All the mistakes started up. We got way behind in the kitchen. There were so many different menus and requests that with our Italian ditz booker and our temperamental expeditor it was only getting worse. The food was plating and some did not look so great, or the amounts seemed off. The Mexican lead cook who works with me was sweating bullets trying so hard to get everything out. Once the food left the phones started ringing with the complaints, "where is our order?", "we specifically asked for vanilla cupcakes!", "the pasta is not right", etc., etc, etc... Though it wasn't all me, I knew I'd be in the doghouse. Somehow lately I'd felt the eyes had been watching me, which was part of why I'd made my spiel before. And worst of all, the Mexican cook walked out. Said it was too much for him to handle anymore. Down deep I knew I had a part in that.
I went out a got a coffee. I hate the coffee at the restaurant. It sucks. I walked around the block past my Murray's Cheese, down the block from Ottomanelli's, the butchers that are my new boyfriends. The village, the village, my new love. But a sinking feeling in the pit of my stomach was eclipsing what I saw now.
Handsome Italian chef shows up, all freshly shaved and groomed. We sit. We talk a bit about what happened. He gets most emotional about the Mexican cook. How we cannot lose him. How hard a worker he is, how great a chef he is, how he got him through all that catering he had to do. I am sorry but if I had to choose between the two of you I would have to go with him!
Look, he says, you are a really great person and a really great chef. I have learned a lot from you. But he cannot take on that load. It's too much for him. I think you are overqualified for this job, you should be an executive chef. You are very good at directing people but once you get past 60-80 people you just cannot keep up.
And, he was right.
When I took this job I knew this would have to be my last truly physical job. I am not a 28 year old Mexican man. I'm a fifty year old woman. I'm really good but that part of my capabilities is changing.
I feel terrible, he said. "look, it's more work for me now, I don't want to do this catering stuff. But I had to make an executive decision and it's going to be you."
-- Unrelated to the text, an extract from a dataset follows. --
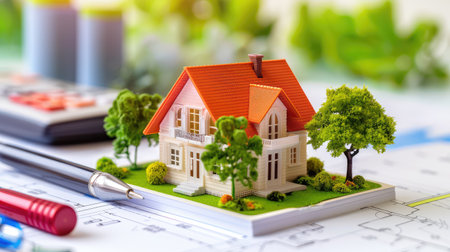 A detailed miniature house model sits on an architectural blueprint surrounded by greenery and stationery items, symbolizing home design and planning.の素材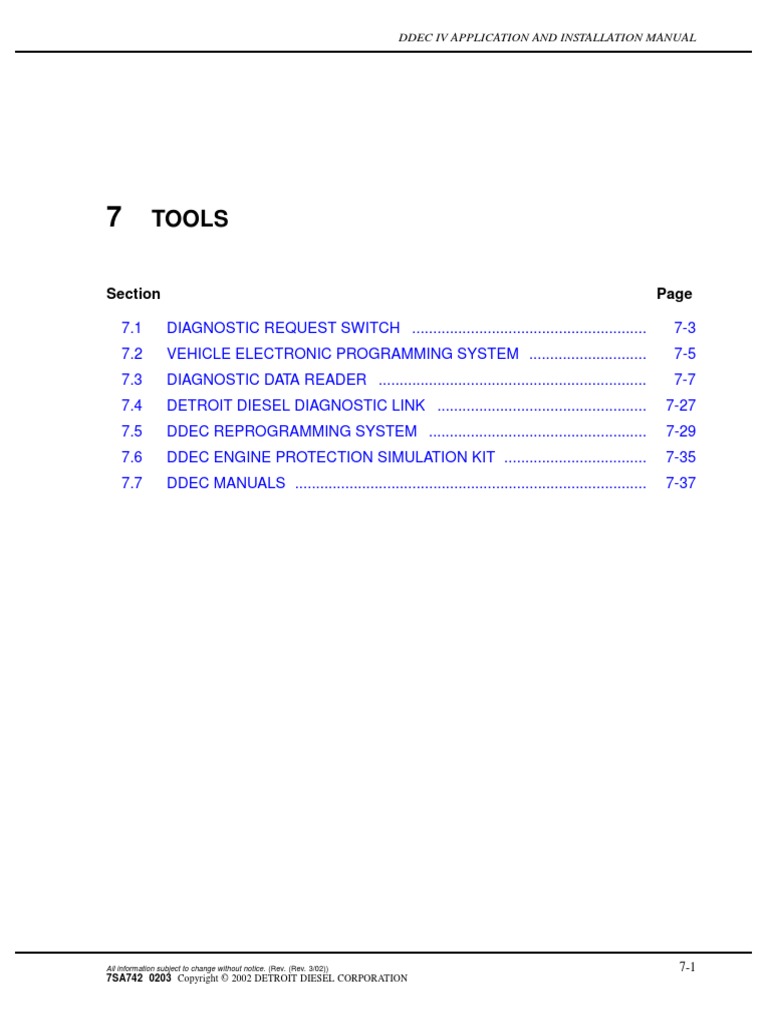 7SA742-0203 C2002 CH7 DDEC-IV Application and Installation | PDF ...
I never let them see me cry. It's my number one girl in the kitchen rule. EVER. Somehow you must muffle your voice and don't let your face drop. I went to the back and shook the Baker's hand, "just when we were starting to get along", I said. His scraggly bearded jaw dropped. He was truly surprised. "We'll talk", I said.
Walking to my parking garage. Where they know me now too. My new little village. Now back to Stamford where I don't feel like I belong anymore.
I didn't leave a job to come here, I really did not take a risk. Just the risk you always take when you trust.
This job was a like a rebound relationship. Right after closing to meet this fabulous guy who I read all the qualities I wanted into. He just happens to be married but says he's leaving his wife in two weeks. Life is great. But after a while he's not leaving the wife. And I'm not getting the things that were promised to me. And it gets hurtful and stressful. Till finally the guy says, I've decided to stay with my wife. And the last straw is he packs your bag, says you're really great but goodbye.
You walk out the door with your junk hanging out of the suitcase and wander down the street, fighting back the tears till you get in your car and say, "what the fuck just happened?"
What happened? You've passed another milestone. There are more to come. They don't get easier but this is how grow new muscles that will help you climb over the next one.